The emitted form is simply not acceptable, I am afraid, as you would lose any structure and overview - for instance you cannot easily determine the change over time of Chlfa, whereas the input form has these values nicely in a column.
The formatting/meta characters in the input form are a bit of a nuisance, but probably doable. The “null” instead of a reserved value is an interesting aspect of the example.
My concern with regards to CSV is that it is not a well-defined format, as witnessed by this description. For numerical data that may be less of a problem, but when it comes to text, you have various flavours and even the separator (not necessarily a comma!) is something to be guessed. It is relatively easy to produce (via a text editor or the spread sheet program of choice), but it is troublesome when it comes to combining several tables in one file - it is not uncommon to have dozens or even hundreds of such tables and putting them in different files is, eh, well, cumbersome.
You could write a custom yaml emitter for you specific file format.
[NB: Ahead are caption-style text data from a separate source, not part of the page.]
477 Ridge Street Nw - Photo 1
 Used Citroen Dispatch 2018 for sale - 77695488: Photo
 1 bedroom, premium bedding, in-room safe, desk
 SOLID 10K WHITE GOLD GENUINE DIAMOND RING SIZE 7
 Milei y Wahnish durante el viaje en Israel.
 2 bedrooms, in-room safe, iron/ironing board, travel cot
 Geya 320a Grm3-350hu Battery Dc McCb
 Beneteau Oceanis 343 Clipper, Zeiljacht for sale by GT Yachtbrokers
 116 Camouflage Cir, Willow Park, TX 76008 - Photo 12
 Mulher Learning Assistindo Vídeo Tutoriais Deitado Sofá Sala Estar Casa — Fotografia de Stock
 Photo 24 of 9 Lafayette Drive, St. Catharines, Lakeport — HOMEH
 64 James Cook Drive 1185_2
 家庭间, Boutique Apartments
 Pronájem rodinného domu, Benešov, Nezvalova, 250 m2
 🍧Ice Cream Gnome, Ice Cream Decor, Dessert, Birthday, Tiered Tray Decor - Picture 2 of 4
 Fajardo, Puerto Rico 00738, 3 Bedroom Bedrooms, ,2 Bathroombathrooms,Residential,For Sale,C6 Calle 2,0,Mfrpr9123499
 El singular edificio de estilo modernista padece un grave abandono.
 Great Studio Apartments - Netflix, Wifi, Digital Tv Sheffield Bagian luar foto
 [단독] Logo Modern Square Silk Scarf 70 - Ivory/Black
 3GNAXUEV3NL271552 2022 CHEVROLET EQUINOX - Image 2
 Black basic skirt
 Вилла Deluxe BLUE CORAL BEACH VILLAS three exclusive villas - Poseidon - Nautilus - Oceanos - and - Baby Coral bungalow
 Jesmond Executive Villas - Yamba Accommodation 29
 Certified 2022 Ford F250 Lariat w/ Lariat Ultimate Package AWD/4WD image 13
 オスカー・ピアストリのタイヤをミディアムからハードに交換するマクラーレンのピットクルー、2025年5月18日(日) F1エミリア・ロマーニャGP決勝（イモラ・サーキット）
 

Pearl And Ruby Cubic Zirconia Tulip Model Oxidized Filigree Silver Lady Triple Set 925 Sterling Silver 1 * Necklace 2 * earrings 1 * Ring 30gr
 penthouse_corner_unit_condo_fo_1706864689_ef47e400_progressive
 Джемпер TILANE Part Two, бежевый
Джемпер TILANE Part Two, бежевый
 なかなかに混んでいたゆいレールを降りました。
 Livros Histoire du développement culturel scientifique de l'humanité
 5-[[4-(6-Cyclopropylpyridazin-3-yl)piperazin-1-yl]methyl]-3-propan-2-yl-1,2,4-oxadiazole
I do not think this would be that challenging.
No, you’re right - as we know what kind of data we are dealing with, a specific layout is much easier to implement (otherwise you would have to build in some smartness to decide what layout would be best)
I’ve been through similar issues to this quite a few times and share your reservations about CSV files @Arjen. But at the end of the day, for timeseries data that requires non-technical user input, I always come back to CSV! As you’ve explored here, YAML etc. doesn’t really work for timeseries data, and HDF/NetCDF are no good for non-technical users.
I think the key to making CSV work is being explicit with the format required by users (give them a template?).
Slightly off topic, but I’m curious because I’m also involved in WQ modelling, what’s the model you are developing?